Speech models often fail in production because the data path changes: VAD thresholds shift, resampling differs, transcript normalization changes, metadata drops a field, or replay jobs mix with live data. Experienced engineers make those assumptions explicit before training, evaluation, serving, and incident response depend on them.

  1. Raw boundary: decide what audio, transcript, consent, locale, device, and quality metadata may enter the system.
  2. Transform boundary: version resampling, VAD, chunking, normalization, augmentation, text cleanup, and feature extraction code.
  3. Label boundary: store label schema, annotator instructions, disagreement rules, quality audits, and adjudication outcomes.
  4. Serving boundary: prove online preprocessing matches offline evaluation for sample rate, channel handling, timestamps, and text normalization.
  5. Audit boundary: keep lineage from model version to data snapshot, transform version, eval suite, rollout gate, and rollback target.
Question: Why is "we only changed preprocessing" a serious release risk?

Preprocessing defines the distribution the model sees. A small change in VAD, sample-rate conversion, silence trimming, casing, punctuation, timestamp alignment, or profanity normalization can invalidate offline metrics and create slice regressions. Treat preprocessing like model code: version it, test it, canary it, and make rollback possible.

System Design

Design Prompts With Hidden Advanced Answers

Prompt 1: Build A Training Dataset Pipeline For Streaming ASR

You need a weekly ASR training snapshot from consented call audio. The model must improve noisy-device and accented-speech slices without storing unnecessary private content. Design the pipeline.
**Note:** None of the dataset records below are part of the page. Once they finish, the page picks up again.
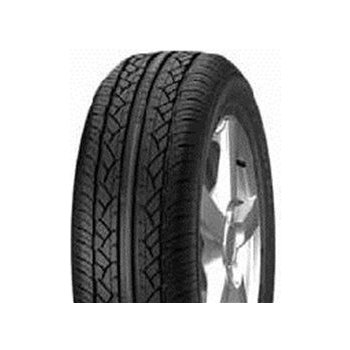 Interstate Sport GT 235/55 R18 104V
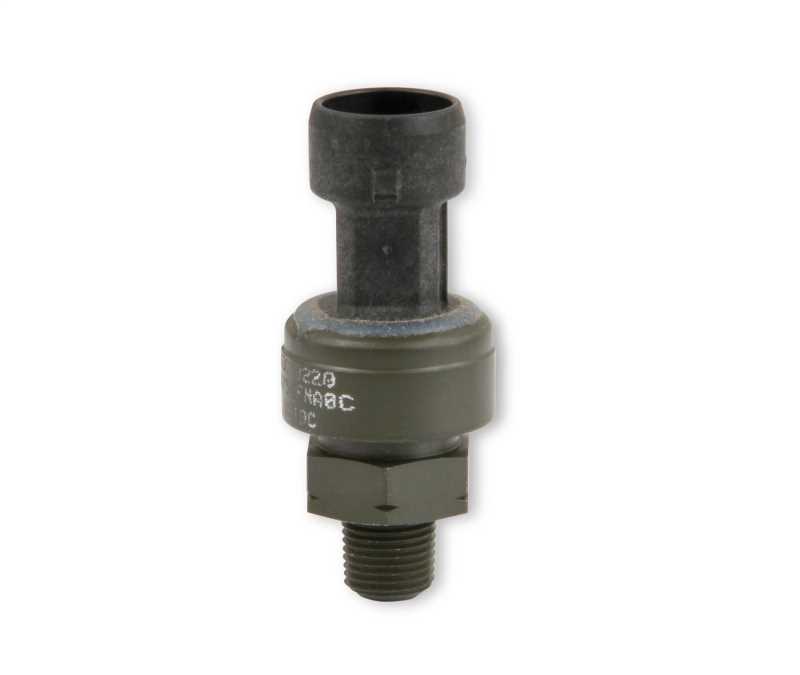 PSI Pressure Sensor Replacement 2269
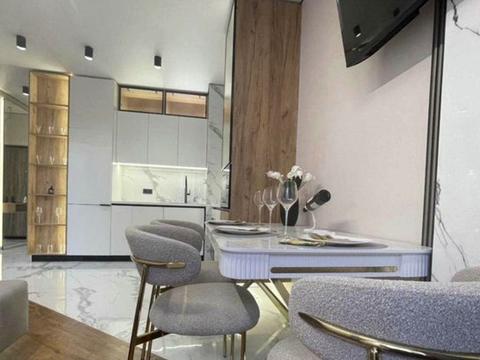 Квартира на вул. Генуезька, 4 в Одесі, ID 175195, фото №6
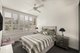 Photo - 78B Oxlade Street, North Kellyville NSW 2155 - Image 14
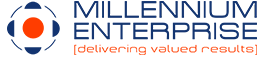 Millennium Enterprise Corp.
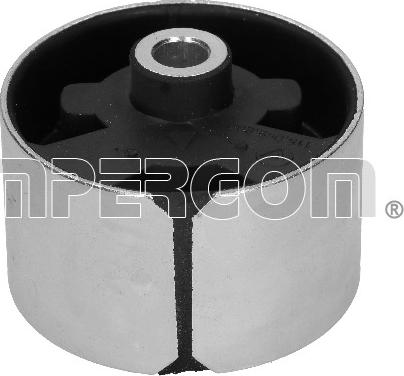 IMPERGOM 37908 - Suspension, corps de l'essieu droxauto.com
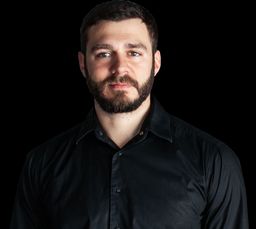 Поднос Михаил Леонидович
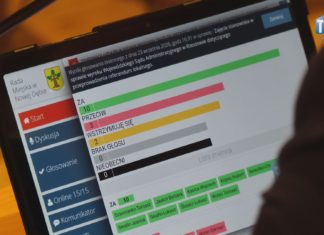 2026.09.23 – JESZCZE BARDZIEJ NA “NIE”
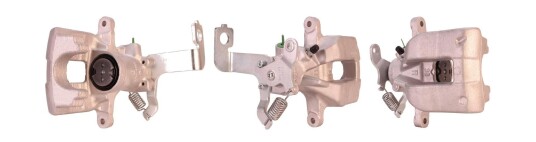 Bremsecaliper FERODO FCL695278 Bremsecaliper FERODO FCL695278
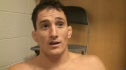 Joe Ellenberger defends his belt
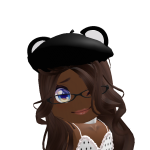 @Quzianz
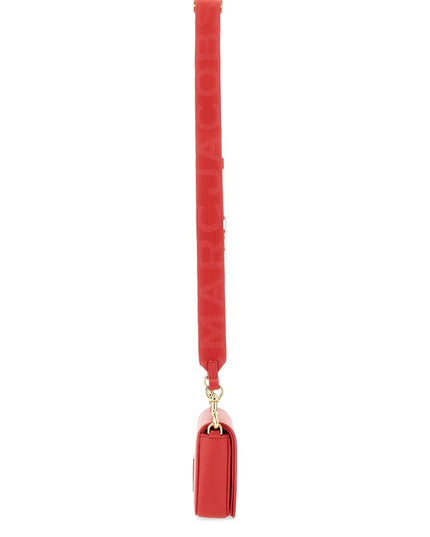 BORSA "THE MINI BAG"
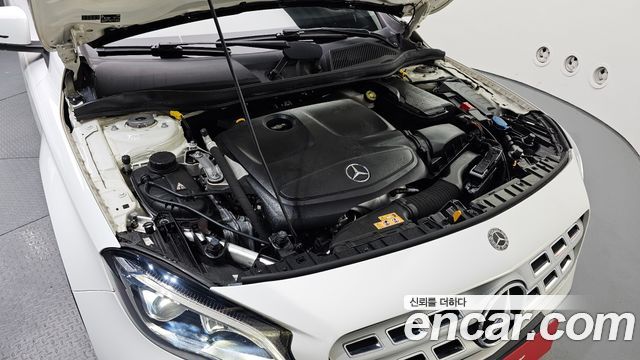 mercedes benz | mercedes benz GLA-Class X156 | GLA-Class X156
Hidden answer: advanced design outline

Start with consent and retention policy, then define aggregate-only discovery metrics before selecting clips. Store durable IDs, locale, device class, channel, noise bucket, duration, label status, and transform versions, not casual raw exports. Run privacy filters and redaction before labeling. Stratify sampling by failure slices, keep holdout users out of training, version label instructions, and produce a snapshot manifest that ties every row to audio lineage, transcript version, VAD version, and evaluation eligibility.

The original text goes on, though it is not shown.